William est installé à Wuhan depuis quatre mois. D'habitude ce Francais de 27 ans mange rarement chez lui. Avec le confinement il dû faire des réserves même s'il ne reste quasiment plus rien dans les rayons.

"Dans les supermarchés il n'y avait pas grand chose, donc j'ai pris un cuiseur de riz, du riz. C'est vrai que c'est un peu léger, mais on fait avec ce qu'on trouve."

Et depuis deux jours, se déplacer dans la ville est devenu presque impossible. "Il n'y a plus de bus, plus de métro, plus de train, et interdiction de sortir de la ville", confirme William.

"On a nettoyé à la javel les poignées de portes, tous les meubles"

Chaque jour les informations arrivent au compte-goutte, même si les autorités chinoises multiplient les messages de prévention.

"On nous a dit de se laver les mains très souvent, de sortir le moins possible, de porter un masque et d'éviter le contact avec les autres personnes."

Cédric est lui aussi confiné chez lui. Pour se protéger, il a désinfecté tout son appartement avec son colocataire chinois.

"On a nettoyé à la javel les poignées de portes, tous les meubles. On a tout refait de haut en bas pour éliminer tous les microbes."

"Dès que l'aéroport est ouvert je fonce et je rentre"

Ce professeur de français héberge également une amie, Adélaïde venue passer dix jours de vacances en Chine. Mais avec la suspension des vols au départ de l'aéroport de Wuhan pour le moment elle est bloquée sur place.

"Je suis un peu inquiète dans le sens où j'ai envie de rentrer.

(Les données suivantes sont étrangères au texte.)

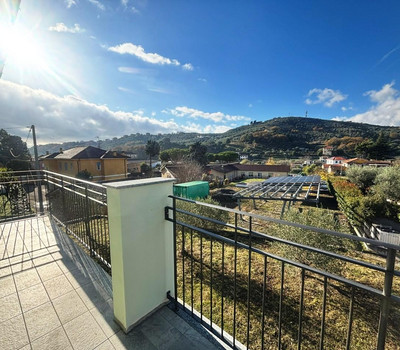 SCHEDA IMMOBILE - Rif.&nbsp;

Accessoirement je travaille aussi donc clairement dès que l'aéroport est ouvert je fonce et je rentre."

Jeudi, la ministre de la Santé Agnès Buzyn a appelé les Français sur place à la plus grande prudence. "Il leur est recommandé de suivre les mesures proposées du gouvernement chinois", rappelle-t-elle alors que près de 500 Français sont installés à Wuhan.